Data items:
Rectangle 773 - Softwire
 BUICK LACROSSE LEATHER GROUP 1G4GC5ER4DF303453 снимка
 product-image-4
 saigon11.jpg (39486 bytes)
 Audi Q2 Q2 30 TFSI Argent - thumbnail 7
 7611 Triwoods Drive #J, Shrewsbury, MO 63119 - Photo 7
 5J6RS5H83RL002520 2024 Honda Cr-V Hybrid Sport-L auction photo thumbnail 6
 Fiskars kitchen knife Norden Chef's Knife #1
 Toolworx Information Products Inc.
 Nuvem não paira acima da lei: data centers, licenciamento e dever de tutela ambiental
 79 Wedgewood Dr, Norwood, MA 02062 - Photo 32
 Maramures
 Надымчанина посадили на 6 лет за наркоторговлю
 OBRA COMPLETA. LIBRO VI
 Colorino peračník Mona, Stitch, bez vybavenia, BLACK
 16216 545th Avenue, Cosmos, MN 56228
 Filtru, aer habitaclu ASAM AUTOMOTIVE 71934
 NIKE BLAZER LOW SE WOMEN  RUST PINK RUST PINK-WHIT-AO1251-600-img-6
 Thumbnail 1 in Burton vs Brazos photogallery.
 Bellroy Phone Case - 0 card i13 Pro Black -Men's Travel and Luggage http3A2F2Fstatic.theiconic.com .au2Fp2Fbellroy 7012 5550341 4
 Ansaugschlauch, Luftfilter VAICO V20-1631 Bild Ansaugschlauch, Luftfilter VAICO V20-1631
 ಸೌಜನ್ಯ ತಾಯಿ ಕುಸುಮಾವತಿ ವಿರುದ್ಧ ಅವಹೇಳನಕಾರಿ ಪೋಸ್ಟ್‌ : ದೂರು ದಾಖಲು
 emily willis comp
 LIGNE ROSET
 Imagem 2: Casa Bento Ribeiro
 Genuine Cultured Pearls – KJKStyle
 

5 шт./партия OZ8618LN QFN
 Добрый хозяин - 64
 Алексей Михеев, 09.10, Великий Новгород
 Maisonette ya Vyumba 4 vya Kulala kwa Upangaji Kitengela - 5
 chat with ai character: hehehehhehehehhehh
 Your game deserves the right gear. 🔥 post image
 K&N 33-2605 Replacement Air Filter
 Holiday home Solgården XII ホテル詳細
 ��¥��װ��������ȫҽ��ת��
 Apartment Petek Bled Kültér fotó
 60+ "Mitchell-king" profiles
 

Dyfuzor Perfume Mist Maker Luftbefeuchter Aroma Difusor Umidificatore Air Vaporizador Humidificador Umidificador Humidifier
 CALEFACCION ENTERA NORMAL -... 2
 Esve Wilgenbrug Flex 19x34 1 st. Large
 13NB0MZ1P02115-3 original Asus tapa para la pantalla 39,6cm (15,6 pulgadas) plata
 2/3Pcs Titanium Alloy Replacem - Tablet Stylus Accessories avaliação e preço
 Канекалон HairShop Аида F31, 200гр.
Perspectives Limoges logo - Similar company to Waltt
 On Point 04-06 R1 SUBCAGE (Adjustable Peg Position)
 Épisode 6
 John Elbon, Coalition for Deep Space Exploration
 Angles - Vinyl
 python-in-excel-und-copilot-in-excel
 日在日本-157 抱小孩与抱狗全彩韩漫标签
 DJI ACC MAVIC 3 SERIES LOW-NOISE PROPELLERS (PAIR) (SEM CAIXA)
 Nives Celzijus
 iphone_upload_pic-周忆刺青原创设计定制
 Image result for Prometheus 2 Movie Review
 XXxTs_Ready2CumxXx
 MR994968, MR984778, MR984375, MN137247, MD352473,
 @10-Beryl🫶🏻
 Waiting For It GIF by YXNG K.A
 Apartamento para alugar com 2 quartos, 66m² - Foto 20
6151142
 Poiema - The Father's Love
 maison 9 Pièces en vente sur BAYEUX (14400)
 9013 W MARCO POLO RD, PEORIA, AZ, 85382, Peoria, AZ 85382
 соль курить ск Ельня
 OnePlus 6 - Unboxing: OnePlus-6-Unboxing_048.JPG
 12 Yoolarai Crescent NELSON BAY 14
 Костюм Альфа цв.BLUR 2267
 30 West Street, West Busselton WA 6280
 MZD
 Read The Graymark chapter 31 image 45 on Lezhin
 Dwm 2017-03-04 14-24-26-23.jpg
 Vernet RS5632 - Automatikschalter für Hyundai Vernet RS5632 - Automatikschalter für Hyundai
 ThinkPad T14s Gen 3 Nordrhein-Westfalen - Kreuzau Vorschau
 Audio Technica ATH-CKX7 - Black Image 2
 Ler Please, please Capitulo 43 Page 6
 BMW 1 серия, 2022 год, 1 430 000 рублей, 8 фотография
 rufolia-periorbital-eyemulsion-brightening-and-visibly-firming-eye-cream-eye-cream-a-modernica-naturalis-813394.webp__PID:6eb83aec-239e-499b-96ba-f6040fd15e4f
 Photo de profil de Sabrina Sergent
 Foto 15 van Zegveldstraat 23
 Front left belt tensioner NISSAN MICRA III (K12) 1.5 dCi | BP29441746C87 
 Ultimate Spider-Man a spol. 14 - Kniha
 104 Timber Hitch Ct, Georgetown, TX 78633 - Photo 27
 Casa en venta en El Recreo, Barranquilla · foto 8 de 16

What you are asked to do: Lines from the top of the entries through the line with "7611 Triwoods Drive" are to be transcribed exactly, and nothing more.

Problem solution:
Rectangle 773 - Softwire
 BUICK LACROSSE LEATHER GROUP 1G4GC5ER4DF303453 снимка
 product-image-4
 saigon11.jpg (39486 bytes)
 Audi Q2 Q2 30 TFSI Argent - thumbnail 7
 7611 Triwoods Drive #J, Shrewsbury, MO 63119 - Photo 7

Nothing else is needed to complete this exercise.